Erieblogging: Day Twenty-Seven
Erieblogging: Day Twenty-Nine

Erieblogging: Day Twenty-Eight

Today’s Erie question is about “countervailing federal interests.” Assume that a procedural matter faced by a federal court sitting in diversity is not covered by federal enacted law (that is, a federal statute or a Fed. R. Civ. P). That puts us in “relatively unguided Erie” territory. Assume as well that the relevant state supreme court would not say that a state rule on the matter follows the state law cause of action upon which the plaintiff sues into federal court. That gets us out of Byrd’s “bound up” test. If so, whether the federal court should use a uniform federal common law rule or borrow the rule that would be used by a forum state court comes down to two sets of considerations – the twin aims of Erie (which argue for borrowing) and countervailing federal interests in favor of using a uniform federal common law rule.

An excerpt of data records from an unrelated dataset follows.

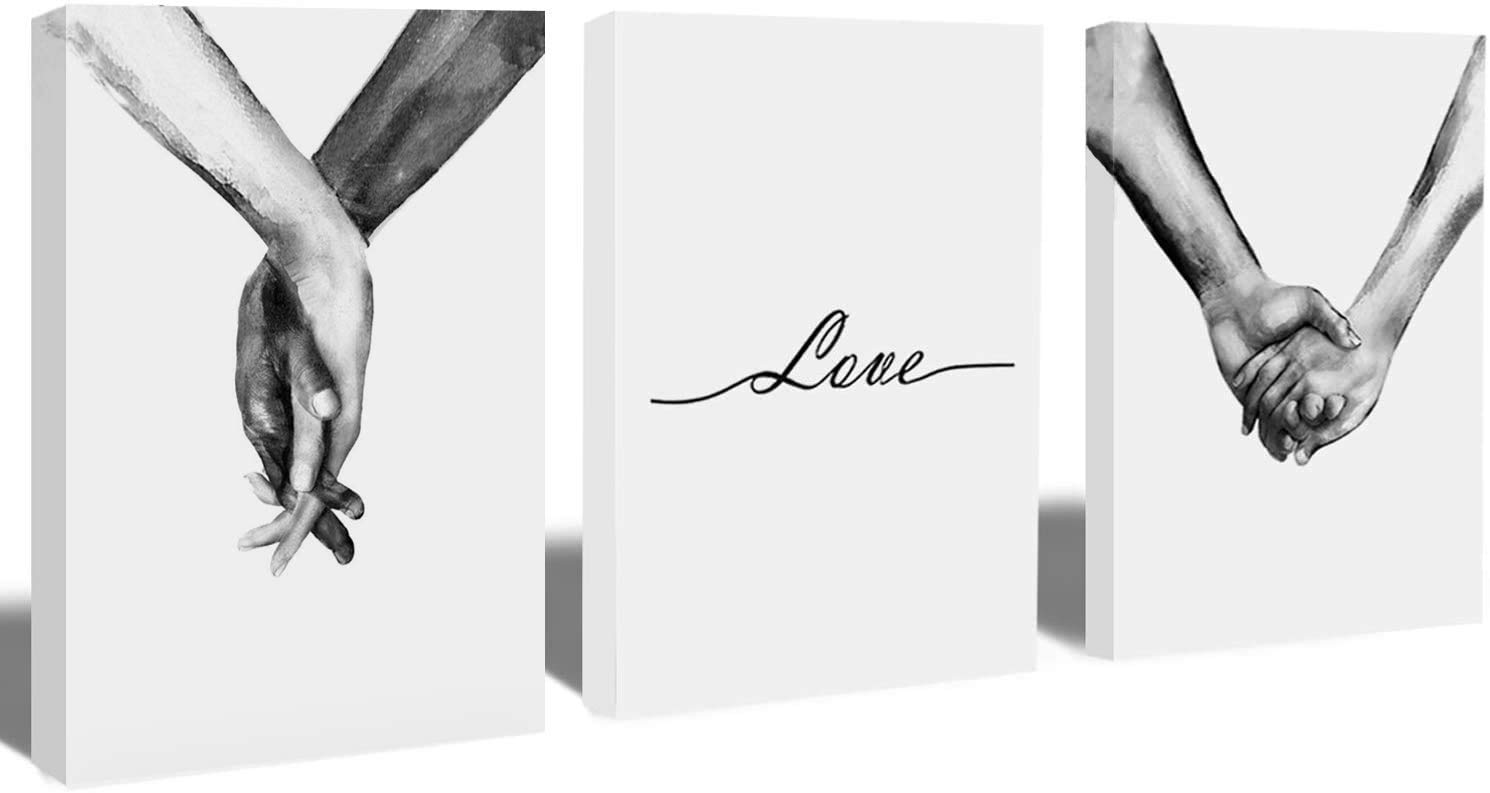 Gallery Wrapped Ready to Hang,Simplism Drawing Wall Art,Woman and Man "Hand in Hand" Canvas Print Poster,Love Character Black And White Artwork Decor Painting Pictures for Living Room Bedroom,16x24"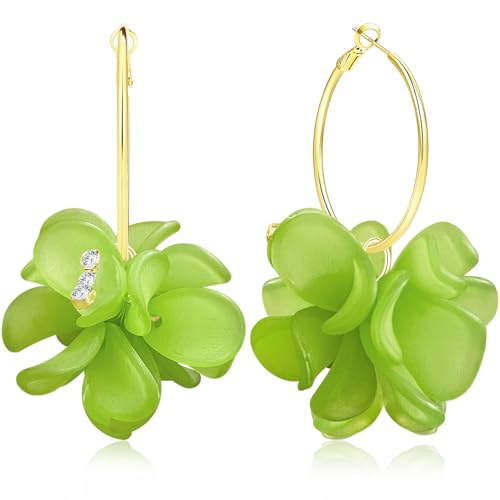 Boucles d'oreilles pendantes légères contre les douleurs de lobes en or 14k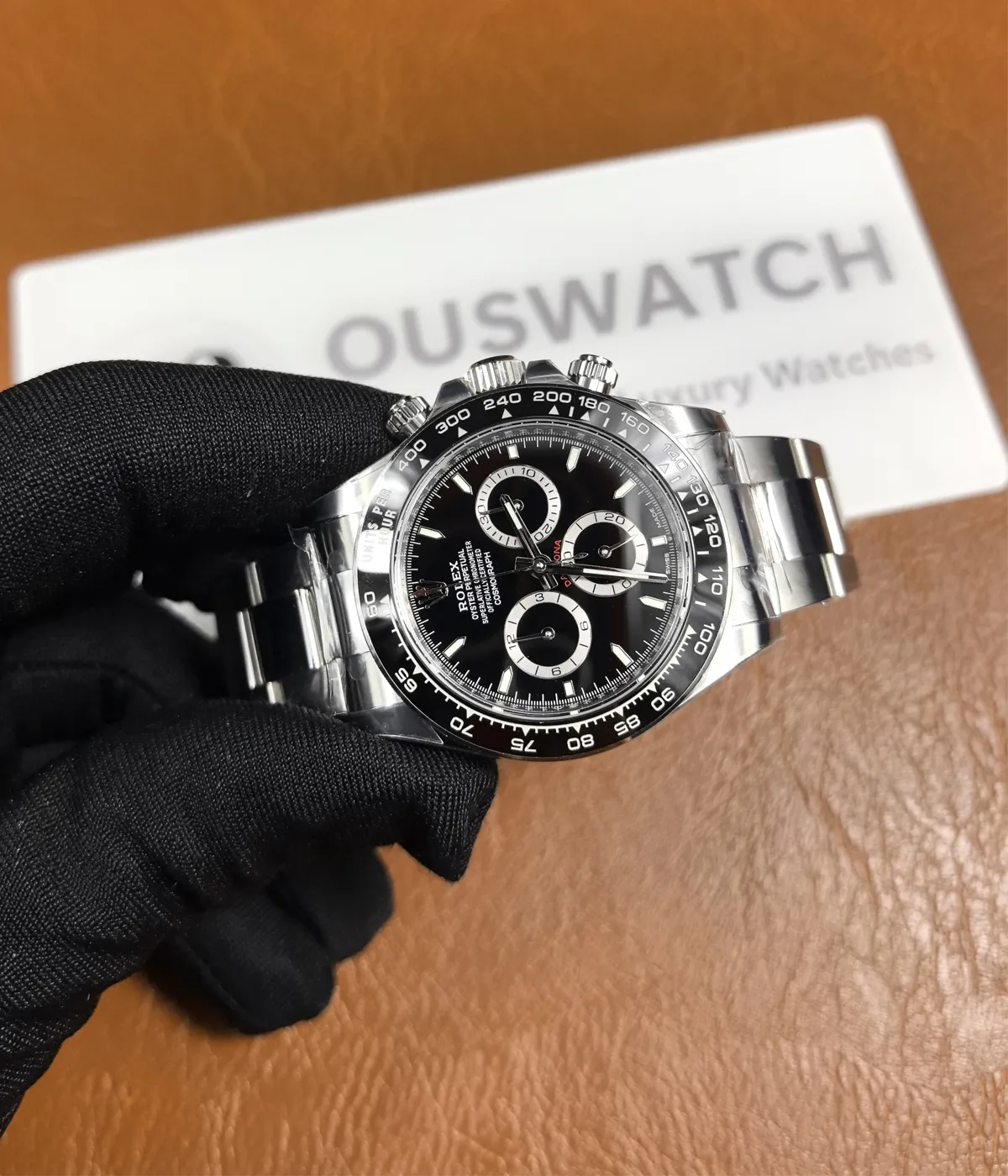 75-degree angle view of the Rolex 2025 Daytona Black on Black Ceramic Bezel 126500LN-0002 men's watch.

My students usually have pretty good idea how to apply the twin aims (or at least the forum shopping part) and sometimes even have intuitions about whether a rule is bound up with the cause of action. What they have the most difficulty with is identifying countervailing federal interests. Consider whether a federal court can apply a uniform federal common law time limit to state law actions – maybe a flexible approach like laches (which was what was at issue in Guaranty Trust v. York). There would obviously be vertical forum shopping as a result. But why aren’t there countervailing federal interests in favor of the flexible federal rule? No one, to my knowledge, has a good theory about why not.

With an expansive view of countervailing federal interests, the twin aims are toothless. There needs to be some restriction on identifying such interests. The restriction cannot be that countervailing federal interests must be grounded in federal enacted law. Granted, such an approach would make some sense. The twin aims are apparently a congressional restriction on federal courts’ power over federal procedural common law in diversity cases. This restriction arguably can be lifted only by another congressional command. The problem is that federal courts commonly find countervailing federal interests without pegging them to federal enacted law.

Countervailing federal interests are, in short, a mystery, but probably no more mysterious than the idea of restrictions on federal common law in general.